An additional flag allowed can be set to allow species from either the input file, seed mechanisms, or reaction libraries to bypass these constraints. Note that this should be done with caution, since the constraints will still apply to subsequent products that form.

By default, the allowSingletO2 flag is set to False. See Representing Oxygen for more information.

4.14. Staging

It is now possible to concatenate different model and simulator blocks into the same run in stages. Any given stage will terminate when the RMG run terminates and then the current group of model and simulator parameters will be switched out with the next group and the run will continue until that stage terminates. Once the last stage terminates the run ends normally. This is currently enabled only for the model and simulator blocks.

There must be the same number of each of these blocks (although only having one simulator block and many model blocks is enabled as well) and RMG will enter each stage these define in the order they were put in the input file.

To enable easier manipulation of staging a new parameter in the model block was developed maxNumSpecies that is the number of core species at which that stage (or if it is the last stage the entire model generation process) will terminate.

For example

model(
        toleranceKeepInEdge=0.0,
        toleranceMoveToCore=0.1,
        toleranceInterruptSimulation=0.1,
        maximumEdgeSpecies=100000,
        maxNumSpecies=100
)

4.15. Restarting from a Seed Mechanism

The only method for restarting an RMG-Py job is to restart the job from a seed mechanism. There are many scenarios when the user might want to do this, including continuing on a job that ran out of time or crashed as the result of a now fixed bug. To restart from a seed mechanism, the block below must be added on to the input file.

restartFromSeed(path='seed')

The path flag is the path to the seed mechanism folder, which contains three subfolders that must be titled as follows: filters, seed, seed_edge. The path can be a relative path from the input.py file or an absolute path on disk

Alternatively, you may also specify the paths to each of the following files/directories: coreSeed (path to seed mechanism folder containing files named reactions.py and `dictionary.txt` that will go into the model core), edgeSeed (path to edge seed mechanism folder containing files named reactions.py and `dictionary.txt` that will go into the model edge), filters (an h5 binary file storing the uni-, bi-, and optionally tri-molecular thresholds generated by RMG from previous run (must be RMG version > 2.4.1)), speciesMap (a YAML file specifying what species are at each index in the filters).
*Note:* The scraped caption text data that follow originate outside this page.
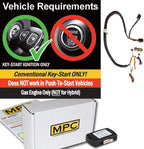 MPC Complete Factory Remote Activated Remote Start Kit Compatible with 2008-2010 Dodge Challenger - Prewired - w/T-Harness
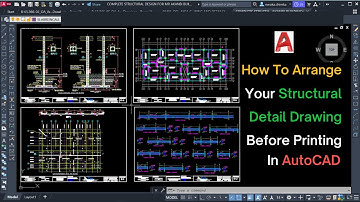 How To Arrange Your Structural Detail Drawing After Prota Structure Design.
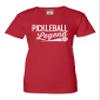 Small Red Women Pickleball Legend Funny Gift Idea T-Shirt view 3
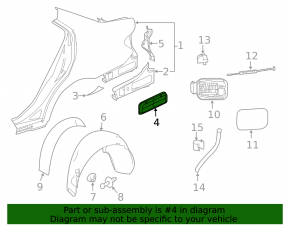 Rear left ventilation shield Mercedes CLS-class C218 12-18
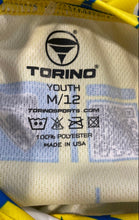 Load image into Gallery viewer, Torino Youth Yellow Printed Palmetto Bay Soccer Knights FC #31 Jersey Size M/12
restartFromSeed(coreSeed='seed/seed'  # Path to core seed folder. Must contain `reactions.py` and `dictionary.txt`
                edgeSeed='seed/seed_edge'  # Path to edge seed folder containing `reactions.py` and `dictionary.txt`
                filters='seed/filters/filters.h5',
                speciesMap='seed/filters/species_map.yml')

Then, to restart from the seed mechanism the input file is submitted as normal.

python rmg.py input.py

Once the restart job has begun, RMG will move the seed mechanism files to a new subfolder in the output directory entitled previous_restart. This is to back-up the seed mechanism used for restarting, as everything in the seed subfolder of the output directory is overwritten by RMG during the course of mechanism generation.

RMG also outputs a file entitled restart_from_seed.py the first time a seed mechanism is generated during the course of an RMG job (so long as the RMG job was not itself a restarted job). This file is an exact duplicate of the original input file with the exception that the restart block has been added on automatically for convenience. In this way this file is treated in the exact way as a normal input file.

Finally, note that it is advised to turn on generating the seed each iteration so that you can restart an RMG job right where it left off. This can be done by setting generateSeedEachIteration=True in the options block of the input file.